### THE RECORDS

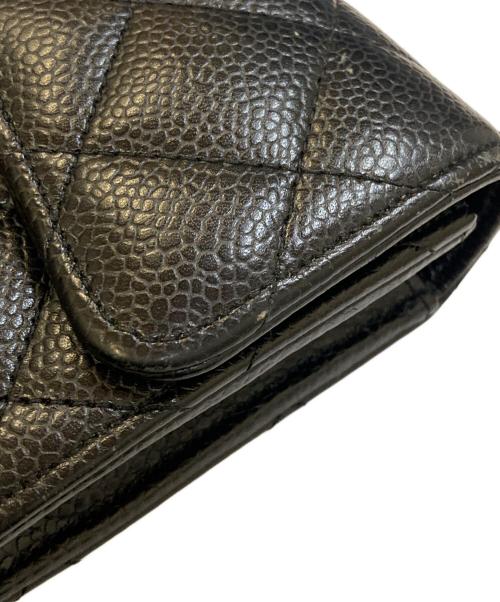 CHANEL（シャネル）CHANEL (シャネル) ココマーク マトラッセ キャビアスキン クラシック ロングフラップウォレット ブラックの古着・服飾アイテム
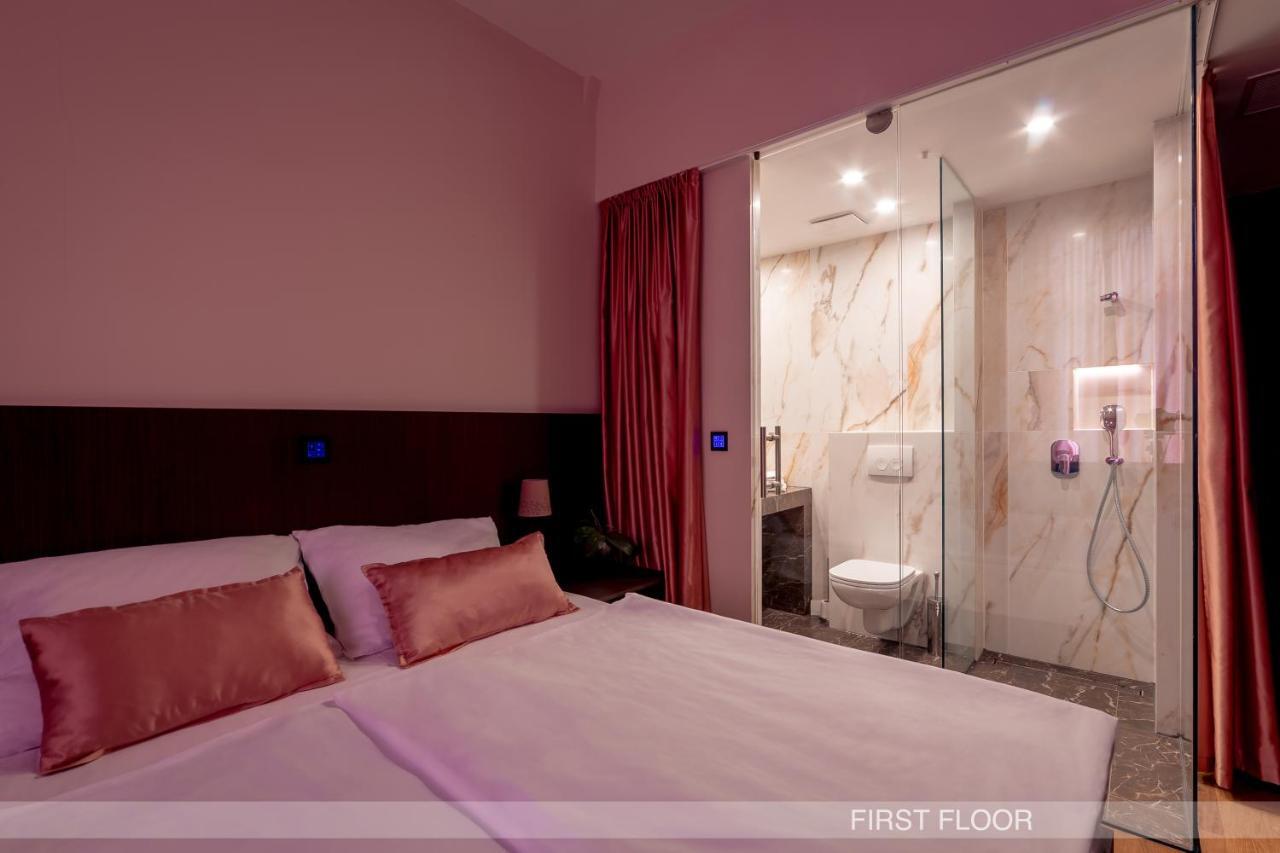 Center Ljubljana Hotel Ngoại thất bức ảnh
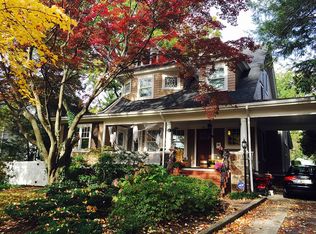 201 Park Ave, Leonia, NJ 07605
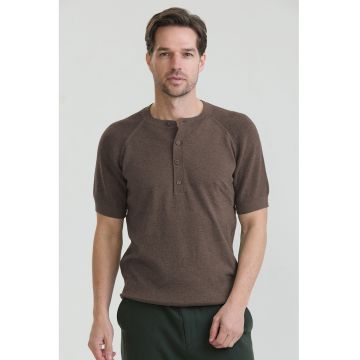 Tricou slim-fit cu guler henley - Maro pamantiu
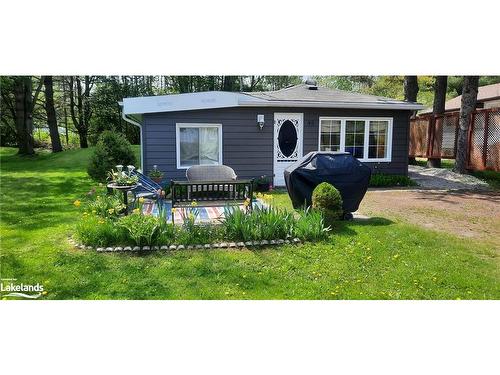 48 Bayside Avenue, Tay, ON - Outdoor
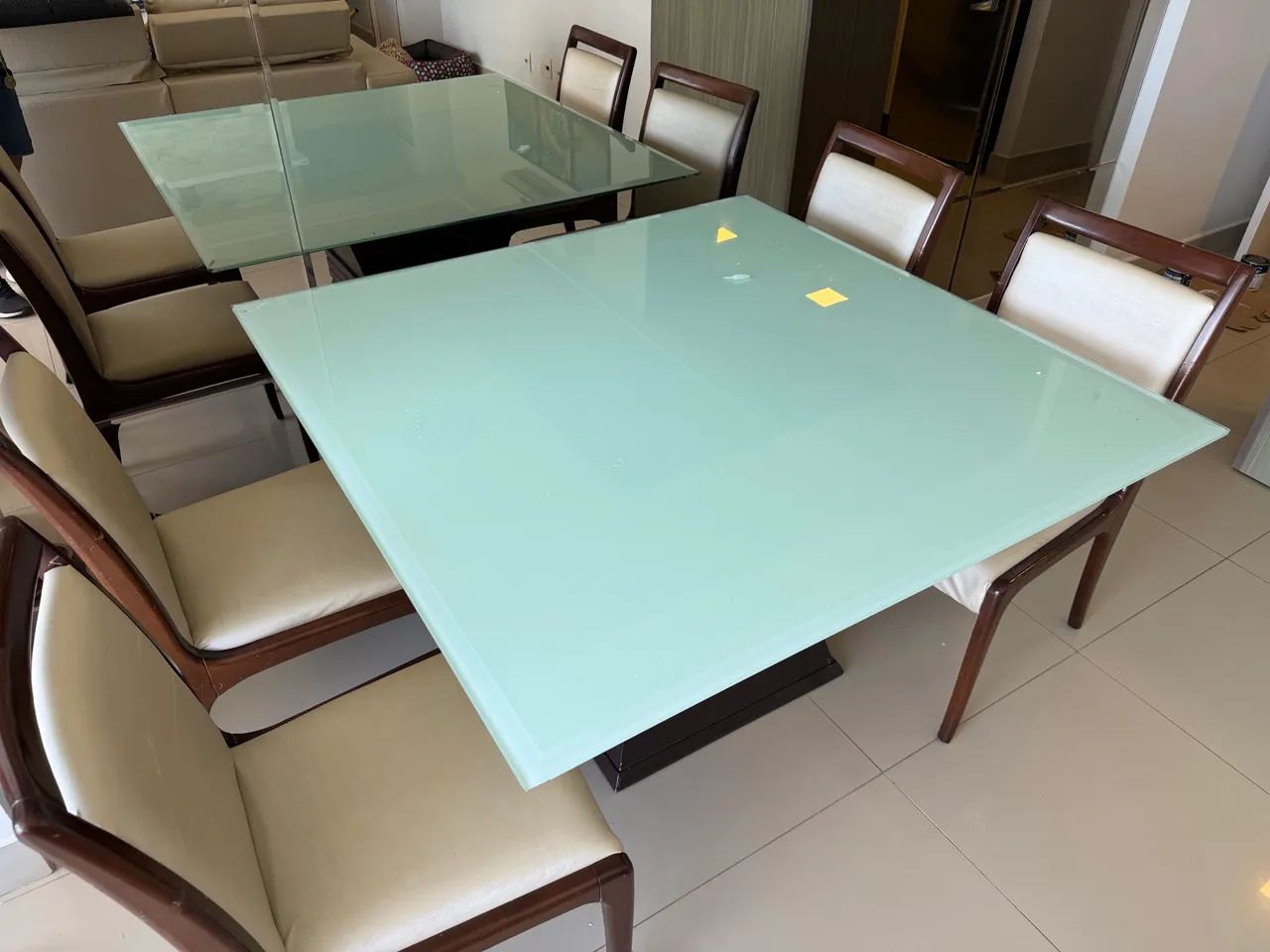 Mesa de jantar com 4 cadeiras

### BRIEF
Retype the data word for word, please, and keep the images out.

### THE ANSWER
 CHANEL（シャネル）CHANEL (シャネル) ココマーク マトラッセ キャビアスキン クラシック ロングフラップウォレット ブラックの古着・服飾アイテム
 Center Ljubljana Hotel Ngoại thất bức ảnh
 201 Park Ave, Leonia, NJ 07605
 Tricou slim-fit cu guler henley - Maro pamantiu
 48 Bayside Avenue, Tay, ON - Outdoor
 Mesa de jantar com 4 cadeiras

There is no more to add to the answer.